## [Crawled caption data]

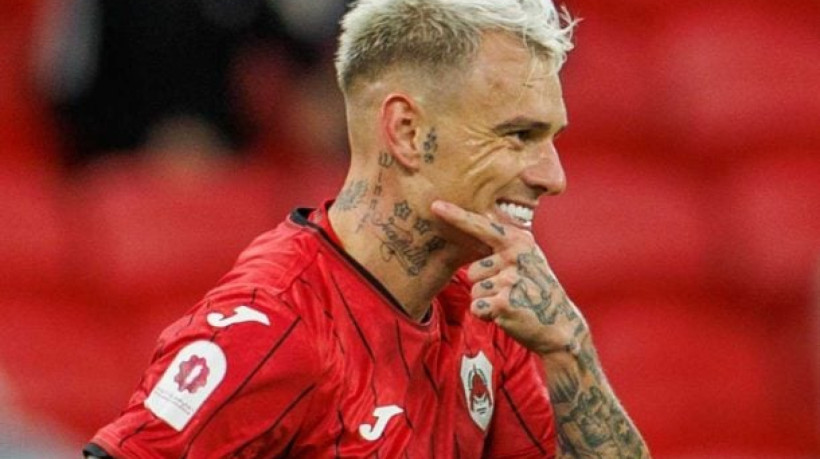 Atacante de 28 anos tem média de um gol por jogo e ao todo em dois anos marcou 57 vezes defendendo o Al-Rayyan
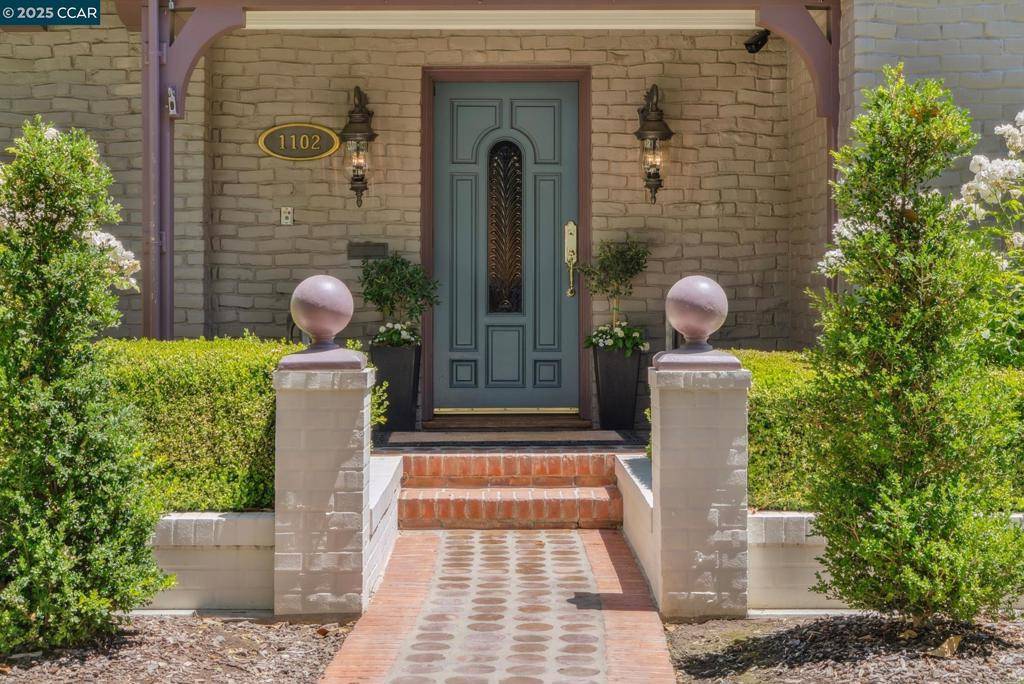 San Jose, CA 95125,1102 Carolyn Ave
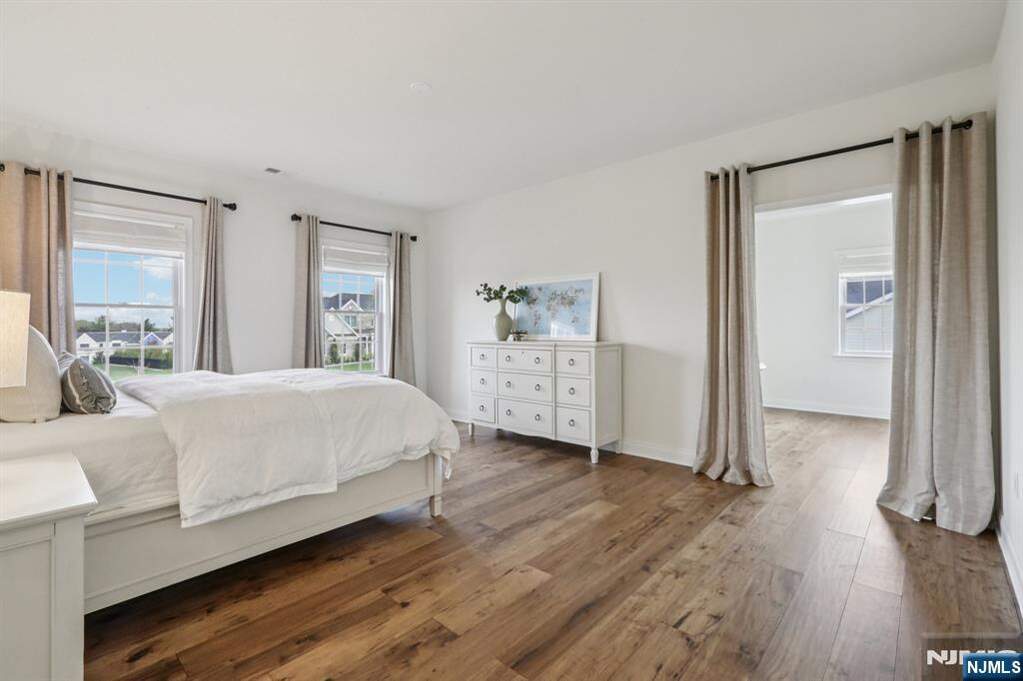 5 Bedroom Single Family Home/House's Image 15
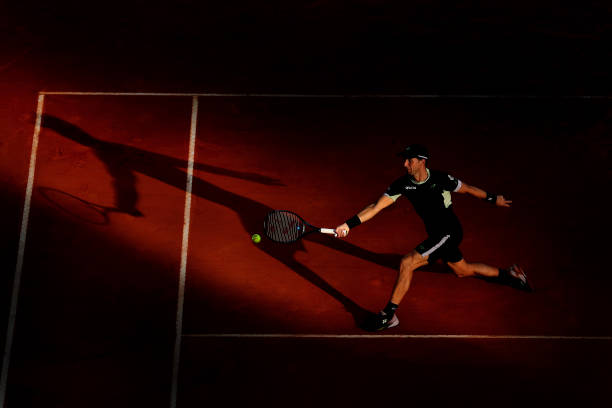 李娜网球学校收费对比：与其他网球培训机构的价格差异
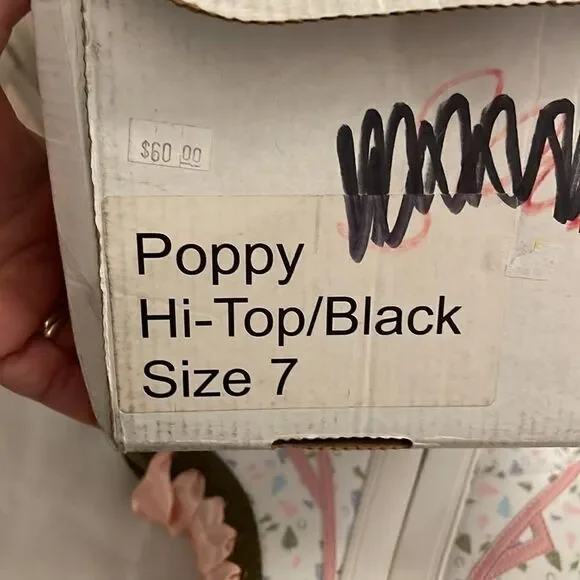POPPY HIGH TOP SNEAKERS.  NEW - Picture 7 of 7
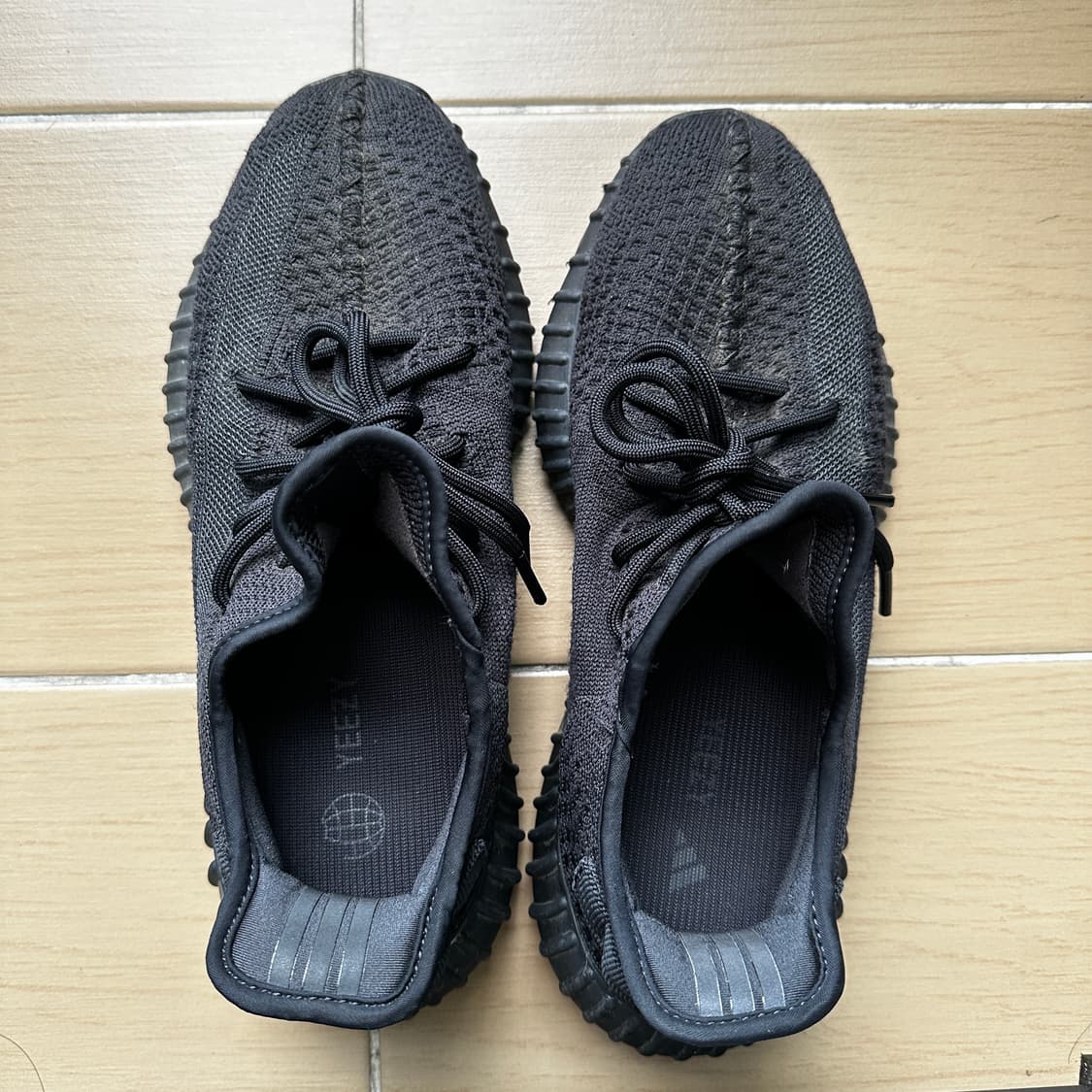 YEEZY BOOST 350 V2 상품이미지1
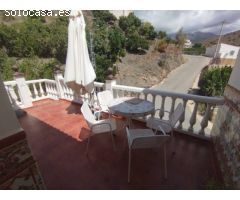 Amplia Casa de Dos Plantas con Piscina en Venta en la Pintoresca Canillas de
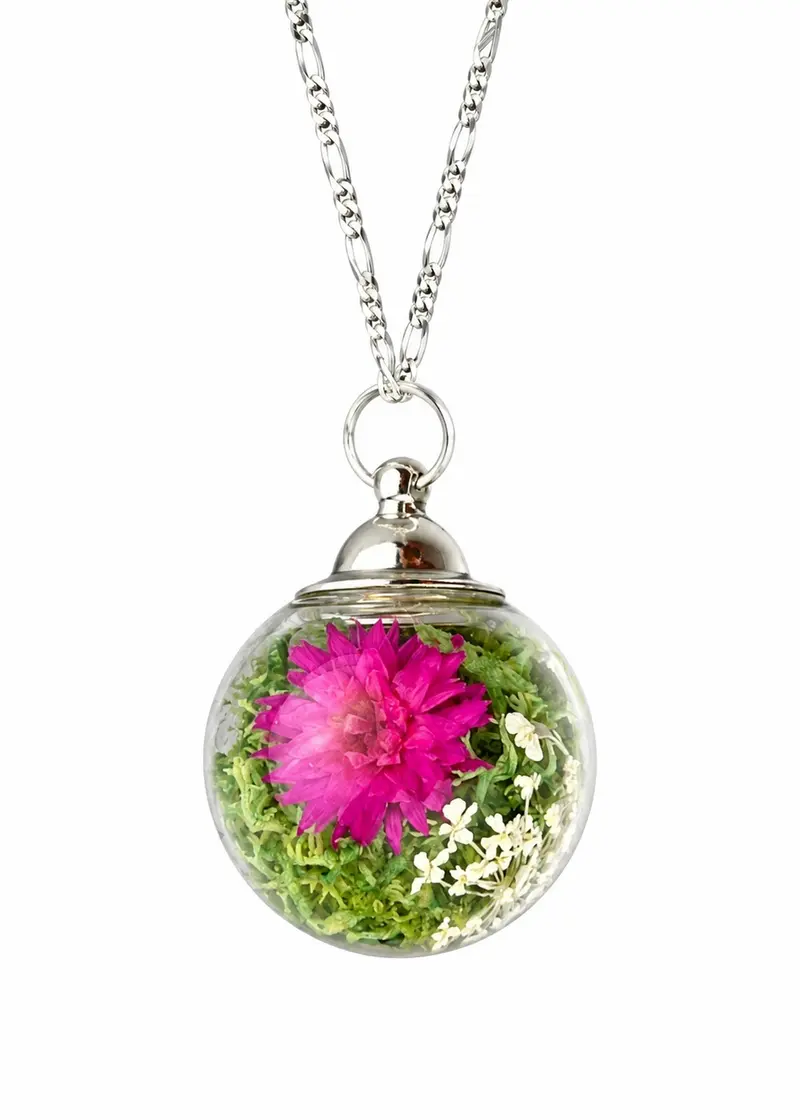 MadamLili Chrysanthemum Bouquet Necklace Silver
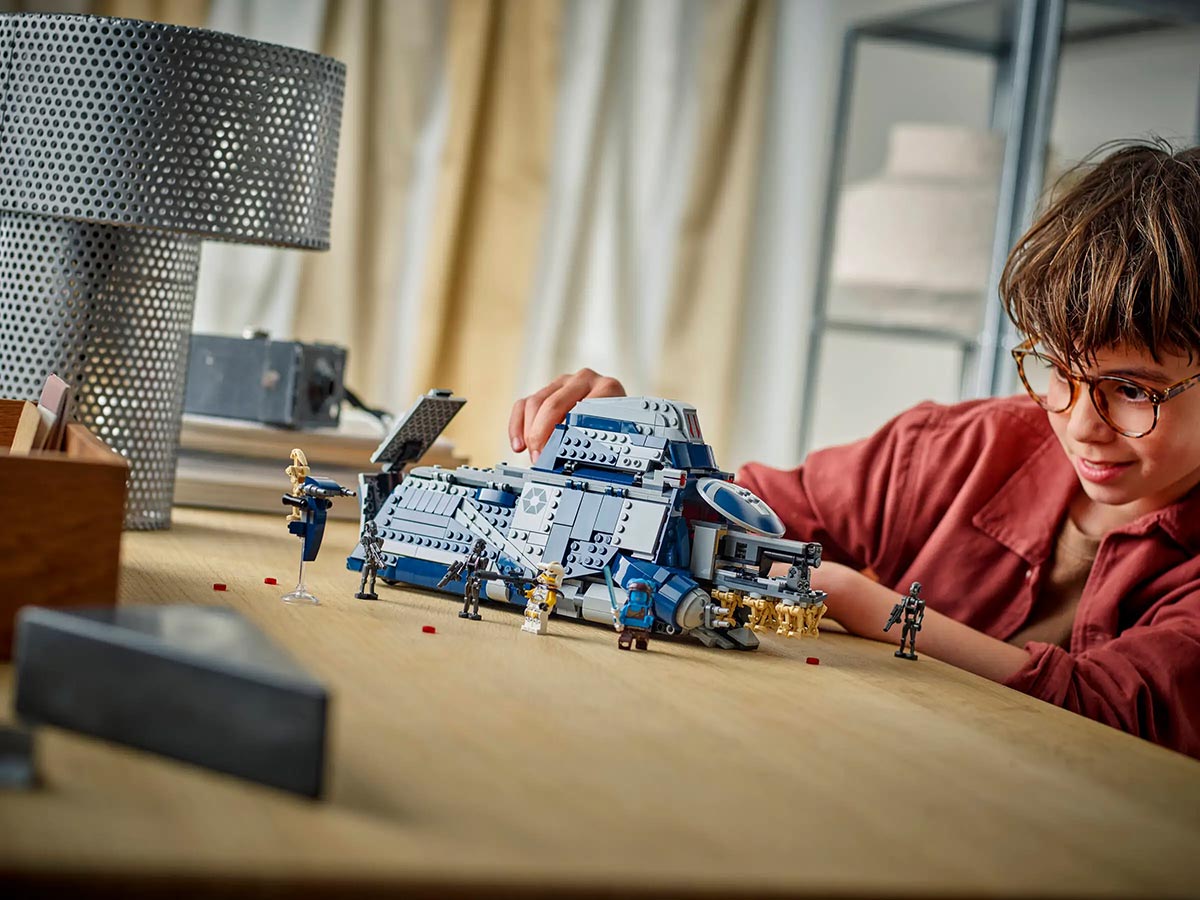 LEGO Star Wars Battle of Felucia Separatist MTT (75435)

## [What you are asked to do]
Of the entries above, print exactly those lines that run from the one containing "Amplia Casa de" through the last line, excluding any pictures.

## [Result]
 Amplia Casa de Dos Plantas con Piscina en Venta en la Pintoresca Canillas de
 MadamLili Chrysanthemum Bouquet Necklace Silver
 LEGO Star Wars Battle of Felucia Separatist MTT (75435)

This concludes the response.